Avukat Gülcan Karakaş da, “Sanığın neye inandığı veya inanmadığı bizi ilgilendirmemektedir. AİHM içtihatlarına göre ifade özgürlüğünün suç sayılabilmesi için şiddet içermesi aranmaktadır. Ancak dini değerlere yönelik ifadelerde ise eylemin şiddet içermesi aranmayıp o değere inanan insanların aşağılanması ve incinmesi yeterli görülmektedir. 3 büyük dinin kutsal değerlerinin alenen aşağılandığı kanaatindeyiz” dedi.
Şikayetçi Ali Emre Bukağılı ise, “Görsel medyadan da öğrendiğimize göre sanığın otizm hastası olduğu şüpheleri vardır. Bu hususun araştırılmasını talep ediyorum.
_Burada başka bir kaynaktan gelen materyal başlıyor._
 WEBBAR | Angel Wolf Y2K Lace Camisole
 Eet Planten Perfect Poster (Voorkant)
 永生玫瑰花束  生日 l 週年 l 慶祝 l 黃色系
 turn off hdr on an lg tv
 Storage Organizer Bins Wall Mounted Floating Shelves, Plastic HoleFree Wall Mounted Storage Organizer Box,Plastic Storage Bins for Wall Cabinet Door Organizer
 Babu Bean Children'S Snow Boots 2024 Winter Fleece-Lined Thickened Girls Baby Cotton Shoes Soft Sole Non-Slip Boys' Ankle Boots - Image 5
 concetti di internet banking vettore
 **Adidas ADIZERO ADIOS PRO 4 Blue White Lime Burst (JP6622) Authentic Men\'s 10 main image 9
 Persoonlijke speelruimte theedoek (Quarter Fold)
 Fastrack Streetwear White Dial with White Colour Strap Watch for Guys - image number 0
Dilekçeyle de eklerini sunduk. Cezai yükümlüğü var mı, yok mu? Cezalandırılmasını istiyorsak da vicdansız değilim” şeklinde konuştu.
Duruşmada söz alan Fazıl Say’ın avukatı Meltem Akyol ise müvekkilinin otizm hastası olduğu yönündeki iddiaları kabul etmediğini, bu duruma ilişkin cezai ve hukuki haklarını saklı tuttuklarını belirtti. Akyol, “Müvekkilimin otizm hastası olduğunu söyleyen profesör gelip Say’ı inceleme mi yapmış? Burada her gazete haberini tartışırsak. Ayrıca müvekkilimin hiçbir ifadesinde aşağılama gibi bir durum yoktur. Twitter hesabında Ömer Hayyam’ın dizelerini aynen paylaşmıştır. O yazılar müvekkilimin yarattığı bir şey değildir” dedi.
Mahkeme, Say’ın otizm hastası olduğu gerekçesiyle cezai ehliyeti olup olmadığının tespiti yönündeki talebin reddine karar vererek, duruşmayı erteledi.